Working from the records below, repeat exactly the lines starting at the line that contains "Excel Linked Drop Down list techniques" and ending at the line that contains "Abbildung von: Wirtschaftliches", inclusive.

# RECORDS FOR THE TASK
• • • • •

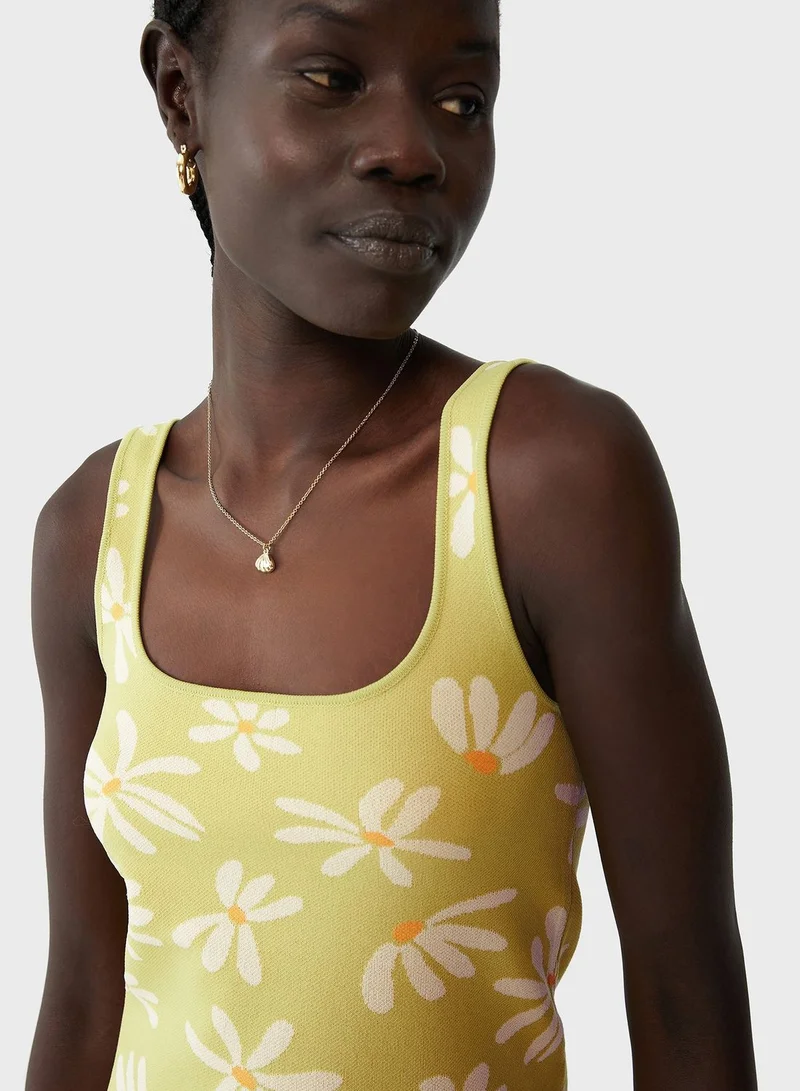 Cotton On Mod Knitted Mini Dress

• • • • •

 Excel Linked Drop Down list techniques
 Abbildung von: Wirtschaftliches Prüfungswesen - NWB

• • • • •

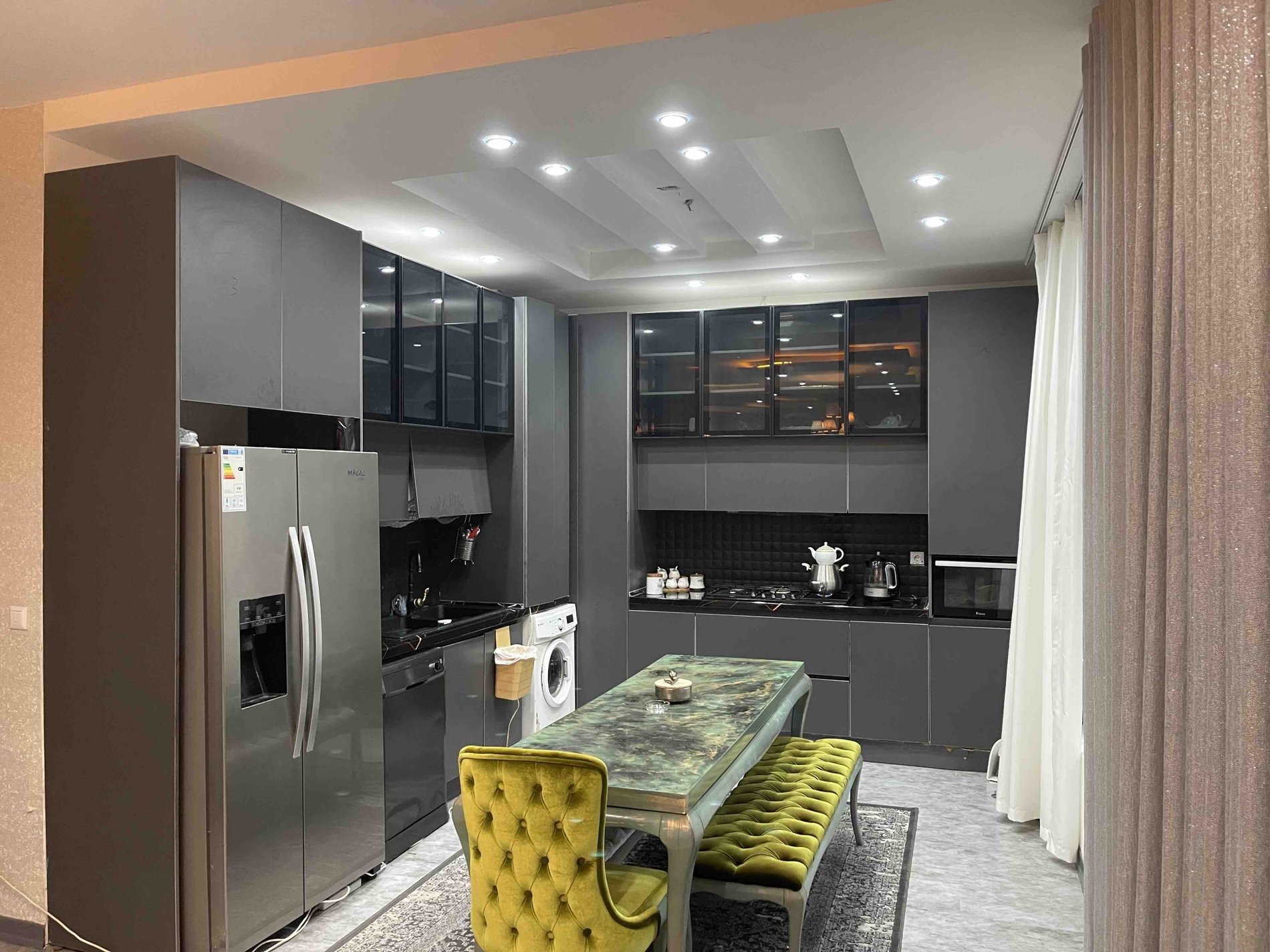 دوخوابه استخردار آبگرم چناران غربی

• • • • •

# SOLUTION TO THIS EXERCISE
 Excel Linked Drop Down list techniques
 Abbildung von: Wirtschaftliches Prüfungswesen - NWB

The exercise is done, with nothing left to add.